### What you need to do
Print each line exactly, from the one with "二手东风柳汽 乘龙H5中卡 220马力" to the very last line of the listing, and keep the pictures out.

### Data extract
====

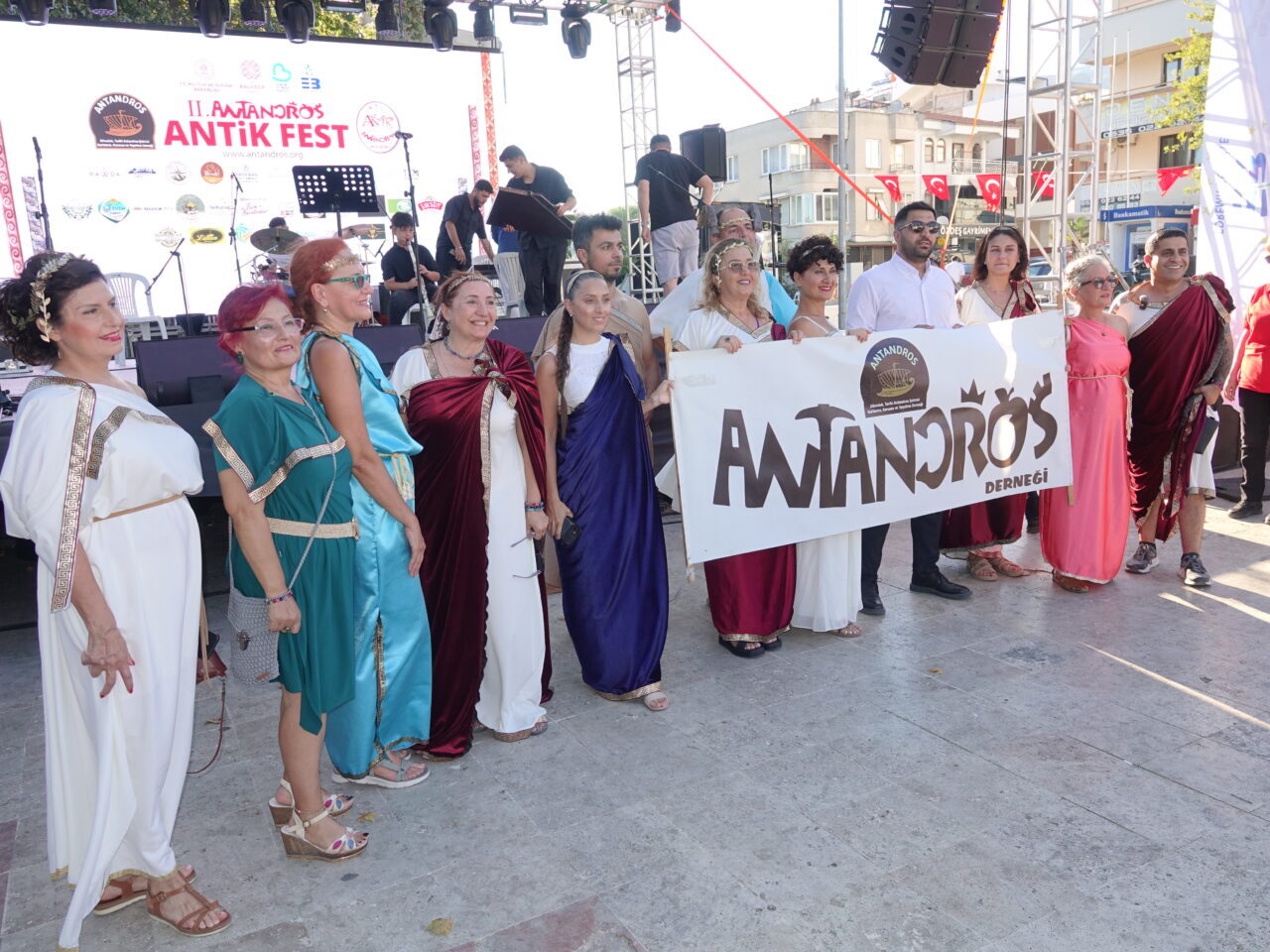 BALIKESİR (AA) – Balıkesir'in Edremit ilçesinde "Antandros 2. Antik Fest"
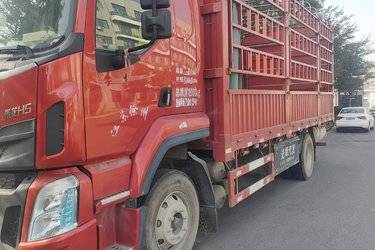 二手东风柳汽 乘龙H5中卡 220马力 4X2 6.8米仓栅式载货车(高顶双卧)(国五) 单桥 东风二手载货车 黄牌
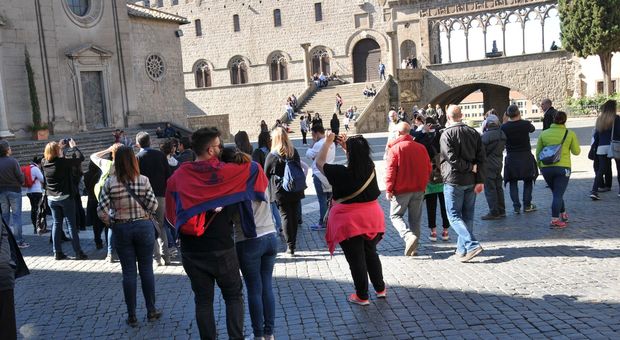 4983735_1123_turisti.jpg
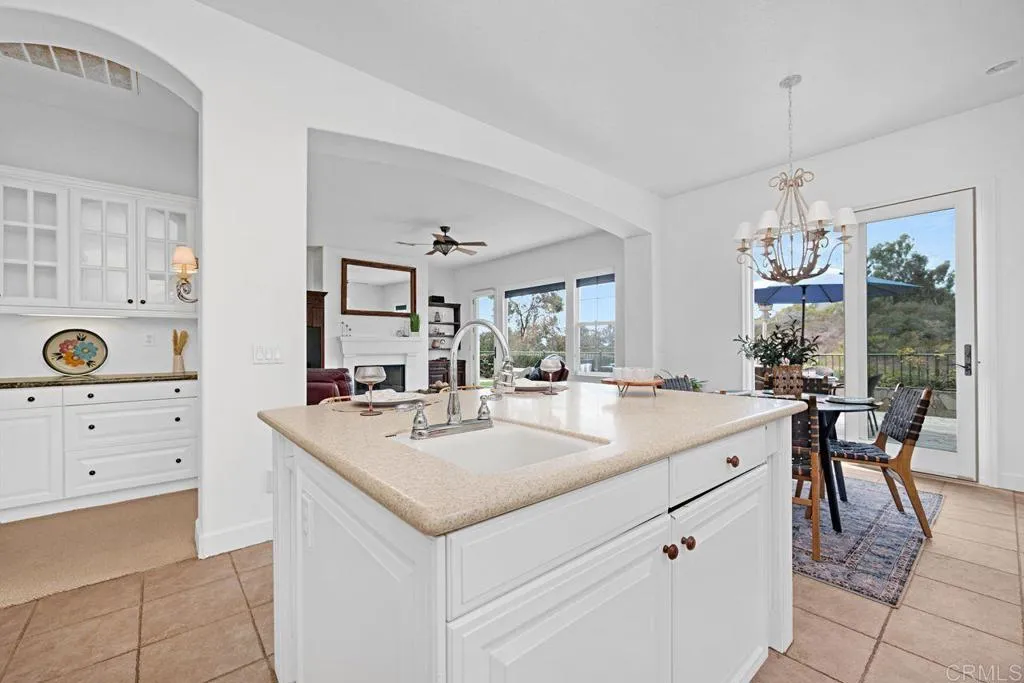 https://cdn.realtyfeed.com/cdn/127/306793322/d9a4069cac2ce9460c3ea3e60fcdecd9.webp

====

### Exercise response
 二手东风柳汽 乘龙H5中卡 220马力 4X2 6.8米仓栅式载货车(高顶双卧)(国五) 单桥 东风二手载货车 黄牌
 4983735_1123_turisti.jpg
 https://cdn.realtyfeed.com/cdn/127/306793322/d9a4069cac2ce9460c3ea3e60fcdecd9.webp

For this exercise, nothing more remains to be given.